Solomon B. Shaw was a longtime pastor and evangelist in the latter part of the nineteenth century and into the first half of the twentieth. He was also the author of several books. One of those, compiled in 1898, he entitled Dying Testimonies of the Saved and Unsaved. He was widely traveled and collected these accounts from those who had witnessed them.
He lived in an era of our history when people came to the end of life more fully aware than often is the case today with modern hospitals, and powerful drugs. The dying, both believers and unbelievers, were then often much more conscious in their last hours.
Of the nearly 300 testimonies recorded, without exception, those of the dying who were saved people were filled with peace and even joy, and those of the dying lost were filled with fear, torment, and anguish.

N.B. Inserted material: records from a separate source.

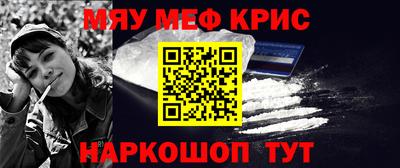 Альфа ПВП Аргун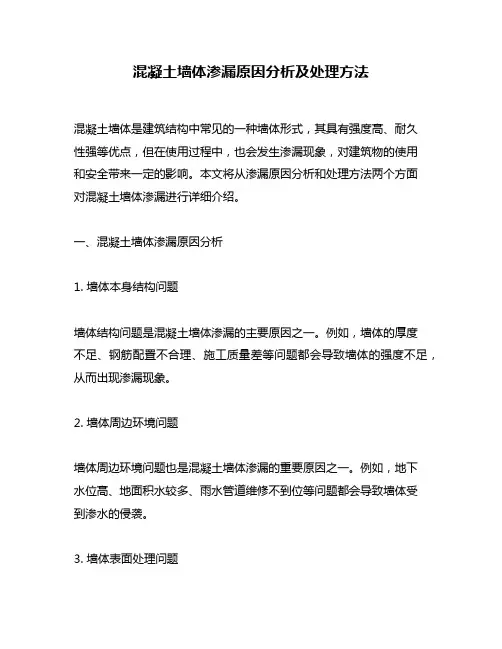 混凝土墙体渗漏原因分析及处理方法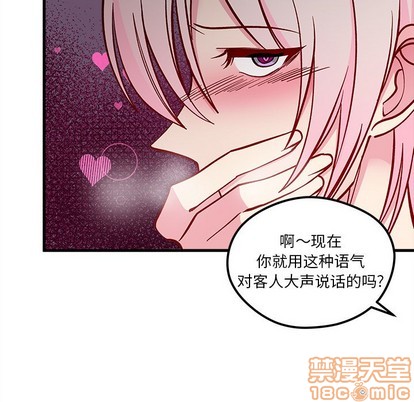 第61话24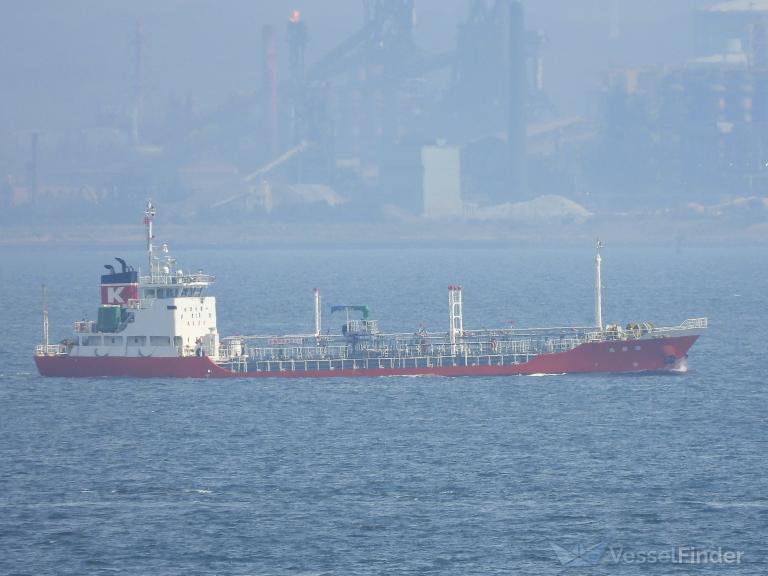 YOSHO MARU photo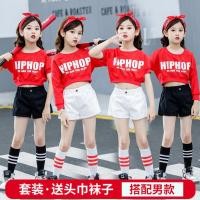 ราคา **พร้อมส่ง**ชุดเต้น แดนซ์ กางเกงขาสั้น+เสื้อครอปแดง แถมถุงเท้าและผ้าคาดผม (20360047456)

D.L. Moody, the great evangelist of the late nineteenth century, had his family gathered around his deathbed. His final words were, “If this is death, there is no valley. This is glorious! I have been within the gates and saw the children, Dwight and Irene” (his two grandchildren who had died). “Earth is receding. Heaven is approaching. God is calling me.”
The Child of God can face death that way. It is a foolish gambler who is willing to chance death unprepared. “Come unto me all ye that labor and are heavy laden; I will give you rest.” “Behold the Lamb of God which taketh away the sin of the world.”